The PPL (Pay Per Lead) commission model means you’ll need to generate leads in order to receive a reward. Here’s the type of actions users must take for you to receive a reward:
- Free trial: you’ll need to get users to sign up for a free trial in order to get a commission. Many online companies offer free trials nowadays, so it’s not hard to find one offering a commission. Usually, the quality of the free trial offers will determine the conversion rate of getting sign ups.
- Email sign up: some companies may reward you for each new email subscriber you generate. That’s because companies want to grow their email lists in order to get more sales.
- Survey: get people to fill out a survey and you will receive a commission. The length of the survey plays a role on how many people will end up getting to the end. Also, you need to ensure that the right kind of traffic fills out the surveys.
3. Revenue Sharing
The revenue sharing model allows users to receive a commission on other purchases the lead makes. Therefore, if you generate loyal customers that buy a lot of products and services, then you’ll get a large commission.

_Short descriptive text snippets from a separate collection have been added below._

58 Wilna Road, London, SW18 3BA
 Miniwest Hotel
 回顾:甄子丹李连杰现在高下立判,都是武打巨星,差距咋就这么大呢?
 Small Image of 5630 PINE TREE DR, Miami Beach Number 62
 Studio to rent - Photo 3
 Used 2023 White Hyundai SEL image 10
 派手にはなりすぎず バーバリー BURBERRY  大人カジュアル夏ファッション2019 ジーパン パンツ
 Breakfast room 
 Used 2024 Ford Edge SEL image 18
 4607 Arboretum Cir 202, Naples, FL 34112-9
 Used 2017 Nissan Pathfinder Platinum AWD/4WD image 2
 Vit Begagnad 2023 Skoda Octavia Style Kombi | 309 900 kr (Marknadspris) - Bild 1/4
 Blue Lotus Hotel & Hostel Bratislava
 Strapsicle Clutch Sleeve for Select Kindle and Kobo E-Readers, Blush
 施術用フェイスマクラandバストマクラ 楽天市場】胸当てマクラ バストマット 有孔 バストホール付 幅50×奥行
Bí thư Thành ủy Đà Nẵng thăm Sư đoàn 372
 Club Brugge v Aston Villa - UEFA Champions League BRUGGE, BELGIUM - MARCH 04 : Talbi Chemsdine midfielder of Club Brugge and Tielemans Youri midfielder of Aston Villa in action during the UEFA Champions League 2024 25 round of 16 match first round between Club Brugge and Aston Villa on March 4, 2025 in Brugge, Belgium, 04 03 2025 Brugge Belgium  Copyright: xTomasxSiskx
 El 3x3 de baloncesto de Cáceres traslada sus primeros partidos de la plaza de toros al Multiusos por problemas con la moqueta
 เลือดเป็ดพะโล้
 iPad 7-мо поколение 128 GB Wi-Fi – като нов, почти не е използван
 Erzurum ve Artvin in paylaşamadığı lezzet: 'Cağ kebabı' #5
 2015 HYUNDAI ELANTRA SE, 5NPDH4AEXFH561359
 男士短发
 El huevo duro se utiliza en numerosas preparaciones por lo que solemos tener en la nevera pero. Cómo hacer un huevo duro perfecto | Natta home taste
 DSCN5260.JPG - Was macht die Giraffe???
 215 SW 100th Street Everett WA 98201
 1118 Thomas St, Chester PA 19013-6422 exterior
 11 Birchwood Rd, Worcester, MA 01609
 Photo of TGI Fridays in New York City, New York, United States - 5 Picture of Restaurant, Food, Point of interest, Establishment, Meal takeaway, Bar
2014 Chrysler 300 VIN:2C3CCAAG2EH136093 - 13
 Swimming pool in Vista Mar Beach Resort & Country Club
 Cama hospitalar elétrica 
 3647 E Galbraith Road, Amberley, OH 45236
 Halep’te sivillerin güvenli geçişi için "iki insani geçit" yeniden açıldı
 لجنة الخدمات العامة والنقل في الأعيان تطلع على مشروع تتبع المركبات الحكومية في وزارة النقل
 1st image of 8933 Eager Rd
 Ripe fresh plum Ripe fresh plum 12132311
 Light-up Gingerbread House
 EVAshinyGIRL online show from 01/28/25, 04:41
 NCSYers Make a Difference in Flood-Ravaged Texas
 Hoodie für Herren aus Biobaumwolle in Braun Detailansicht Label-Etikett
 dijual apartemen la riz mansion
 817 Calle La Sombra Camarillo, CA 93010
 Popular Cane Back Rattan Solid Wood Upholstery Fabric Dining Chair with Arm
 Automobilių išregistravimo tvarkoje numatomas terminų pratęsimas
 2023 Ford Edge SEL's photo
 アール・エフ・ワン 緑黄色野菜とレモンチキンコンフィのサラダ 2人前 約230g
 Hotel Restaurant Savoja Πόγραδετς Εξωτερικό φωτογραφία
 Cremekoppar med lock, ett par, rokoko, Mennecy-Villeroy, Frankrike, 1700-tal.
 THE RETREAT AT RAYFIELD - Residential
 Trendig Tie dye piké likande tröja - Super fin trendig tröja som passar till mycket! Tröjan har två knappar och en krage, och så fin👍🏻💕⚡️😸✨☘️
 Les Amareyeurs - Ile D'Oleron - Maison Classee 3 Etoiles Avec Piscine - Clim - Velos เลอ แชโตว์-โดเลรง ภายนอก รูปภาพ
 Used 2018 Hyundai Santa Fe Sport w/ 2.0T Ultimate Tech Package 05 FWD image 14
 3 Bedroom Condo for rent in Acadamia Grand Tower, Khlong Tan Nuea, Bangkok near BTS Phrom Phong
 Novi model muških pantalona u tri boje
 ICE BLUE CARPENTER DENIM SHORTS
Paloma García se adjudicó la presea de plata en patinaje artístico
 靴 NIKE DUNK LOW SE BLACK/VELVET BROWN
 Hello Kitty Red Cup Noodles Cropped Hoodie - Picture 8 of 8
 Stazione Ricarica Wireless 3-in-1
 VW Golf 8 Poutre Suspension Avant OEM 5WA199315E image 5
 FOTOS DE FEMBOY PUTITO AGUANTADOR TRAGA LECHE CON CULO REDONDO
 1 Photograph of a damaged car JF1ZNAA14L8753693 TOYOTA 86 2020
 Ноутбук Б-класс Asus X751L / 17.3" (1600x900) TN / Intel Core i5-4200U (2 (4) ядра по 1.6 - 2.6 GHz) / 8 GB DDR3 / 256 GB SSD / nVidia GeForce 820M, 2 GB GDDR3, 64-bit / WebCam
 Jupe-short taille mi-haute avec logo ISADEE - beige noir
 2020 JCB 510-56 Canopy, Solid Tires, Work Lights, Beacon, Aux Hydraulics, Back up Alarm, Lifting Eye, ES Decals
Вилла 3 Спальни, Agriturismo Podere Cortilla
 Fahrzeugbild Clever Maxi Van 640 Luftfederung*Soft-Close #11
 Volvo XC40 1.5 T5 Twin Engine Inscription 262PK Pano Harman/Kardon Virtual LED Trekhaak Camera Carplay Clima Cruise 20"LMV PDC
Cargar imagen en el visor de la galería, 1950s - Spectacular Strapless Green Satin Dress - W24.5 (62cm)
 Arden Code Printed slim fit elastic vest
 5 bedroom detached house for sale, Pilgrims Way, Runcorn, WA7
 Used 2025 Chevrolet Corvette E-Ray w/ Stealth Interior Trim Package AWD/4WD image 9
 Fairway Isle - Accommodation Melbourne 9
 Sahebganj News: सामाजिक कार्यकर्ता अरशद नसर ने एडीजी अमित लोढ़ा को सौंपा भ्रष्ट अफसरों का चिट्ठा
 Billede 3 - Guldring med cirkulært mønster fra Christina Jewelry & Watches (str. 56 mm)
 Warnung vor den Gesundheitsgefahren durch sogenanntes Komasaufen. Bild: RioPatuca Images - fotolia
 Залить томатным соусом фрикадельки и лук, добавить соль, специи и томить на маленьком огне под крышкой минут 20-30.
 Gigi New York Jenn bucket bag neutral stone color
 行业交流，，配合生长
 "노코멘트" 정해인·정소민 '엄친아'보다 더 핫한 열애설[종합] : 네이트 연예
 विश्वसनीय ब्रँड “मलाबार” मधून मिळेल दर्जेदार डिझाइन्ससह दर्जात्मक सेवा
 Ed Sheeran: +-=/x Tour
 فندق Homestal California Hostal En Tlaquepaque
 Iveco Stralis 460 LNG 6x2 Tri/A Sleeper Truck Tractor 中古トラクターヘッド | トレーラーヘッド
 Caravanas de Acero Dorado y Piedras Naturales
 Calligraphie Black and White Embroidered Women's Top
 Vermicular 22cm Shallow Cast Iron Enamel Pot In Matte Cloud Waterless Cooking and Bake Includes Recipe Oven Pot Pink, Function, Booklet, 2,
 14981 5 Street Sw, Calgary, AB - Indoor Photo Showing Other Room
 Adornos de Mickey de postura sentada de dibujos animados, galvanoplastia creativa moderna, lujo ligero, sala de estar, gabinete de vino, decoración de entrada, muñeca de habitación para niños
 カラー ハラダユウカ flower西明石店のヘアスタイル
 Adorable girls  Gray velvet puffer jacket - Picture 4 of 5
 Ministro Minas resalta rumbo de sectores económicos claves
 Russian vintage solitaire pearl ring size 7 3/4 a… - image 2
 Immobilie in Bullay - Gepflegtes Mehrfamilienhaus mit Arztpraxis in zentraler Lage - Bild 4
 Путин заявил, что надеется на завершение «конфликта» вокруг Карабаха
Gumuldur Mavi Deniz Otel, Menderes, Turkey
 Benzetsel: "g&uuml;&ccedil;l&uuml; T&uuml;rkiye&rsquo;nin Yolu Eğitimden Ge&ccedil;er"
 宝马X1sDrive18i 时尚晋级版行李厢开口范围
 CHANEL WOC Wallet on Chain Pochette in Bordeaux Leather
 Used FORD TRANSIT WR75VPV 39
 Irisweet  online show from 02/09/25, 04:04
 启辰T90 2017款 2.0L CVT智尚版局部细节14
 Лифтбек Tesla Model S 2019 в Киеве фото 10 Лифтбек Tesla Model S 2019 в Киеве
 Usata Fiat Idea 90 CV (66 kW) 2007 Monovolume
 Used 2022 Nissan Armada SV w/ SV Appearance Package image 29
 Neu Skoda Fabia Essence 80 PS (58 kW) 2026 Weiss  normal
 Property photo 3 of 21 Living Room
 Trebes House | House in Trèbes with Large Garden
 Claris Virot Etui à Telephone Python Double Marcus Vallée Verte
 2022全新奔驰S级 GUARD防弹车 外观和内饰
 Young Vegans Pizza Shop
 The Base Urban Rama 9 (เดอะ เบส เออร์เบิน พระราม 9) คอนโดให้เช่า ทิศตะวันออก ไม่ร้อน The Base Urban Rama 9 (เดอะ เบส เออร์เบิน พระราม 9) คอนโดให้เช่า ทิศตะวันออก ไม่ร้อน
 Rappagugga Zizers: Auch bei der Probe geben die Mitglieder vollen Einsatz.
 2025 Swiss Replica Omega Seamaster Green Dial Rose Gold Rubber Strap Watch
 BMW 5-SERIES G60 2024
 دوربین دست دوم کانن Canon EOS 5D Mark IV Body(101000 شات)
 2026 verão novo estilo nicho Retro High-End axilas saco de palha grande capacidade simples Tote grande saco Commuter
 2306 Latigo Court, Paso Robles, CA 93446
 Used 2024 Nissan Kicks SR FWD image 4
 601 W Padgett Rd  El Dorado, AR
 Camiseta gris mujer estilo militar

There’s no predicting how much money a specific lead will spend with a company. However, you can increase your chances by ensuring you get high-quality traffic. Pre-selling the leads will help get them in the right mood to buy. This can include educational videos or the advantages of buying the products.
This type of commission model is applied when you generate purchases with a subscription. It means that you can receive a large amount of money per lead if they stay around with the subscription for years. However, it ends up being a game of averages.
For some products, the average number of billing cycles a person stays for might be 3 while for others it could be 12. As with many affiliate marketing models, it all depends on the quality of the company and the nature of the products.
5. Two-Tier Commission
This type of affiliate marketing commission model provides a reward for generating new sales and for subsequent sales the same buyer makes. This is great for affiliates that want to get sales for taking the time to get more leads and also for attracting buyers that turn out to be loyal customers.
However, you need to understand the details of the two-tier commission model to ensure that both tiers are rewarded fairly. Hence, you can compare the reward structures of different companies to find the best one for your business.
The PPS (Pay Per Sale) model, as the name suggests, relies on the affiliate getting money by generating a sale. Amazon is one of the biggest companies offering this type of commission model. However, this type of model offers low commissions with physical products. That’s because some physical products have low profit margins.
On the other hand, you can get much higher commission percentages when promoting digital products. Some vendors even offer 100%, which means you get all the money from the sale. The vendor understands that they will get more affiliates using this strategy, and they can get bigger purchases on the backend.
7. Multi-Level Marketing
The multi-level marketing commission model allows you to make money from the sales you generate and those generated by other affiliates you attract. Therefore, you must develop the skills to get other affiliates to join the program.
The top affiliates earning the most money with multi-level marketing must acquire hundreds of others. That’s because many affiliates may not generate much sales, while others may make a lot more. Hence, you must get lucky since you cannot predict who follows through with the business and who won’t.
To conclude, there are many commission models you can use to start an affiliate marketing business. Make sure to select a commission model that you feel is fair and rewards the effort you put into the world.
Also, consider trying out every commission model to learn what they include from first-hand experience. This means you can have a comprehensive affiliate marketing business that can grow through different types of traffic.